Startups -Time to Rethink Celebrity Endorsement Part 2
In Part 1 of this series, I discussed how changing consumer habits is making celebrity influencer endorsements less effective for startups as a means of promoting their products due to unlimited information at the point of sale & that peers now have equally or more voice in the purchasing decision due to social networks. The other aspect that is decreasing the power of celebrity endorsements is that consumer discovery of products has also shifted.
Changing How We Learn About New Products
Flashback to the early 90’s, I remember watching Saturday morning cartoons religiously. Every Saturday morning, I would stare at the tv for hours while eating my frosted mini-wheats. During that time, I would view nearly an hour’s worth of sponsored content, also known as commercials (not including clever product placement within the shows themselves). This is often where I would find out about a new toy that I wanted. Reading Nintendo Power was how I found out about upcoming video games. This is how we found out about new products in the 90’s — Mass media: Commercials, TV News, Newspapers, and National Magazines. Sure we always had friends recommend products to us but this was rare as these product recommendations needed to come from talking to each other — word of mouth. Mass media advertising was the primary way we found about products and having these ads more memorable was extremely important. Having a well known celebrity endorse your product in the ad was one of the most sure fire ways to make your product more desirable and trustworthy to a set of consumers.
The monthly magazine and newspaper has transformed into a scattered array of blogs with a dizzying amount of information. If you look at the monthly magazine which runs about 10 articles per month and compare this to a blog like Techcrunch which posts over 1,100 articles every month! The power of a single article has diminished by a power 110x! Watching TV has transformed into either an ad-free experience on Netflix or a 5 second skippable ad on youtube. Mass advertising has been continuously losing power with the rise of the internet.
Power to the People
While mass media has decreased in capability, the power of word of mouth has risen. A consumer who was frustrated with an airline’s customer service only had a few friends to complain to. Now they can post their negative experience on multiple social networks conveying their experience to thousands of people in their social sphere. A consumer who loves their Camp Chair can now share their experience to thousands to thousands in their social sphere causing. Word of mouth sales have always been effective, the difference is now word of mouth has scale.

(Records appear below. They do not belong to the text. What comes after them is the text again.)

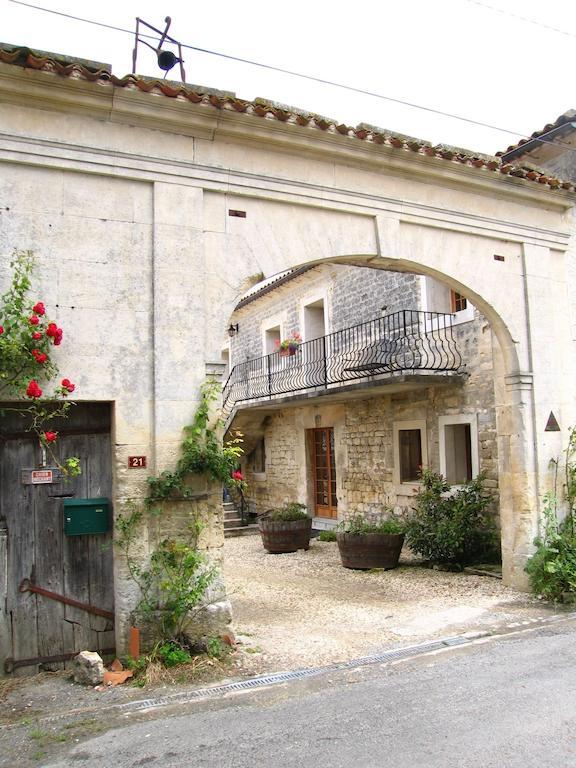 Bed and Breakfast La Cour des Cloches à Mainxe Chambre photo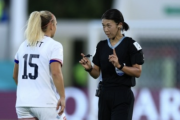 日本人審判団の女子アジア杯初陣が決定!! 3季連続WE最優秀主審の小泉朝香氏が笛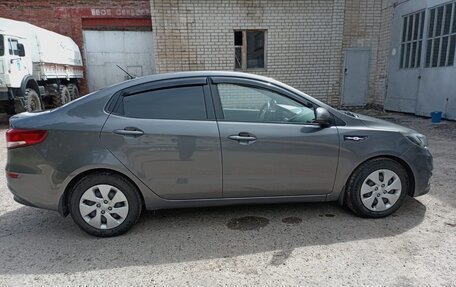 KIA Rio III рестайлинг, 2015 год, 929 000 рублей, 2 фотография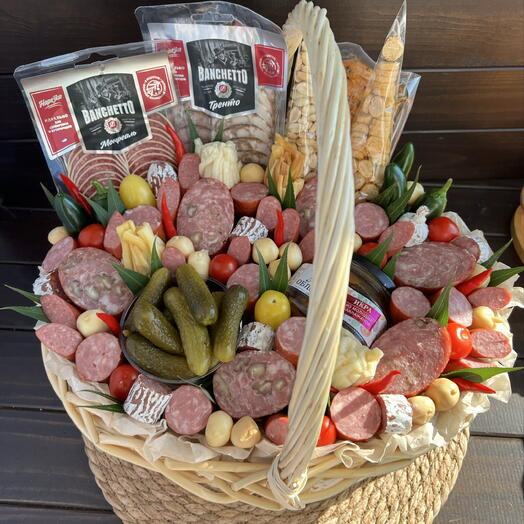 Корзина с закусками , сырами, колбасами , огурчиками на день рождения, юбилей или свадьбу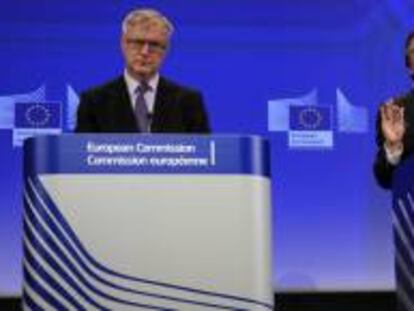 El presidente de la Comisión Europea (CE), José Manuel Durao Barroso (d), y el comisario europeo de Asuntos Económicos, Olli Rehn, durante una rueda de prensa celebrada en la sede de la CE en Bruselas, Bélgica. EFE/Archivo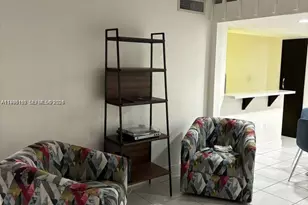 9403 Fontainebleau Blvd, Miami, FL 33172 - Photo 5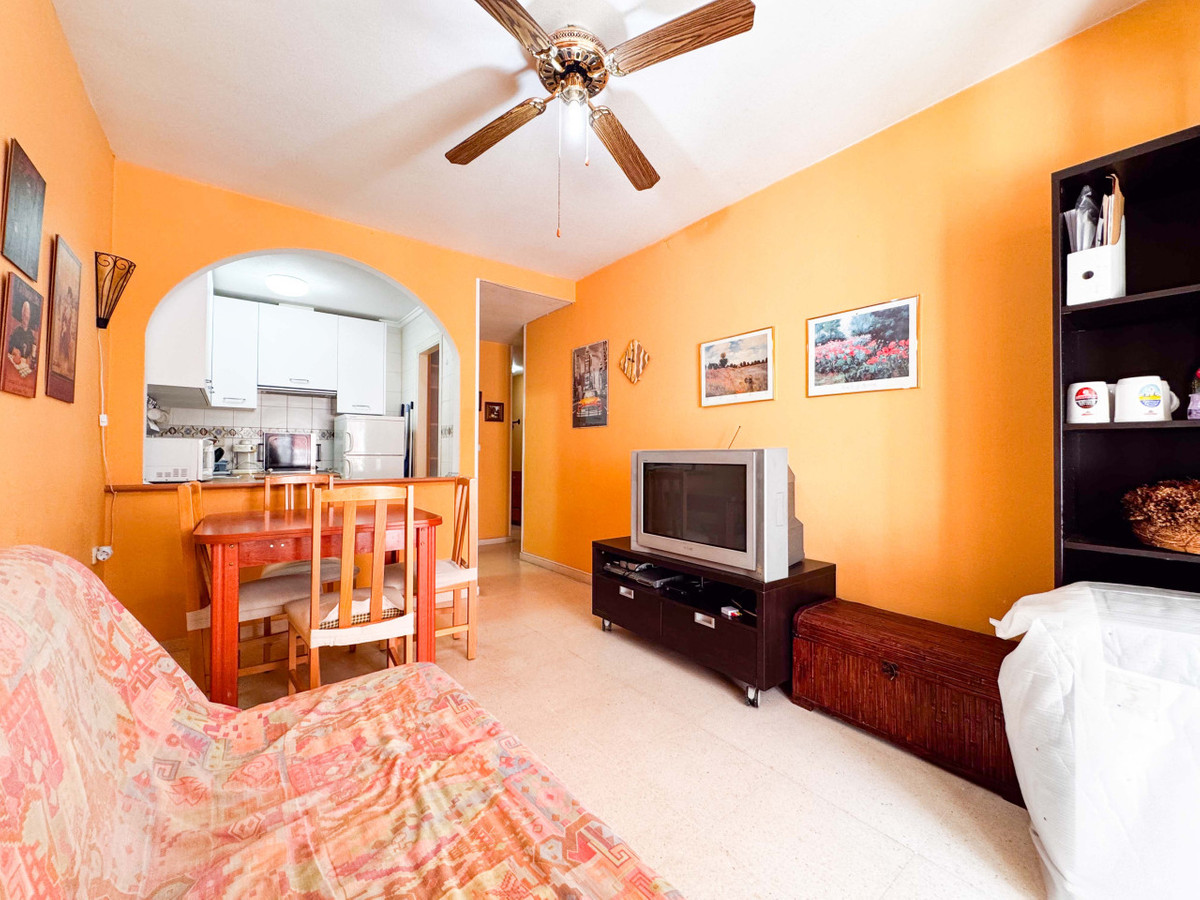 Se vende Apartamento Planta Media de 1 dormitorios en Costa Blanca, Alicante, España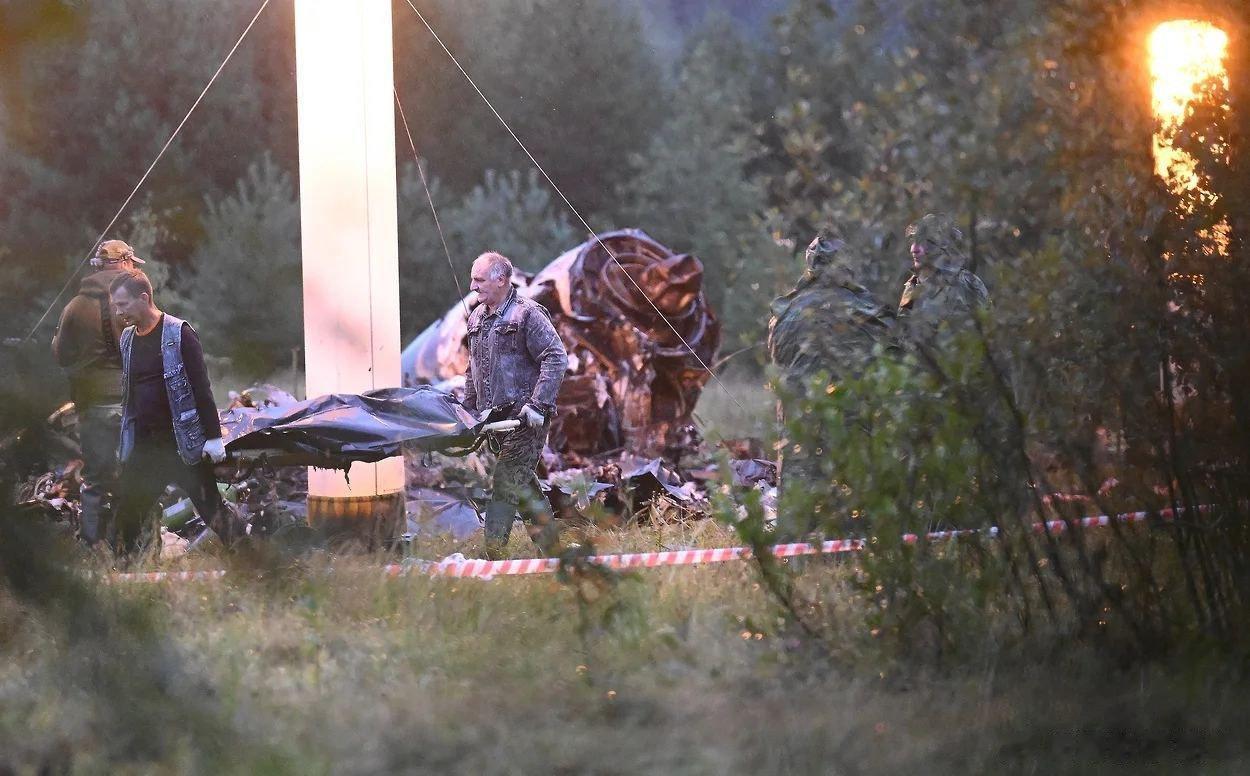 好久没有瓦格纳的消息了，最新的消息是他们过得不好。

在解散该组织时，普京让一部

Celebrity influencers and consumers use the same channels now to promote products — twitter, facebook, instagram, etc. Both celebrities and consumers have the same measurements for influence, number of followers. So while a celebrity promoted post can be effective- for radically less cost, a company can recruit 1,000 consumers to post the same promotion to reach the same number of people. While one can argue that a celebrity posting has more cache than simply 1,000 consumers, I argue that this is false for a few reasons.
1 — The age of hidden pay to play is over. Celebrities now need to mark their posts with a disclaimer like “#ad”. This is equivalent to the celebrity stating that they really don’t use or believe in the product.
2 — Consumers trust the opinions of their friends more than the opinions of celebrities.
3 — Consumers posting about how much they love a product is an authentic endorsement. Word of mouth sales will always win out over a commercial or an article. Consumers are willing to recommend a product they like for very little incentive because they would recommend it anyway.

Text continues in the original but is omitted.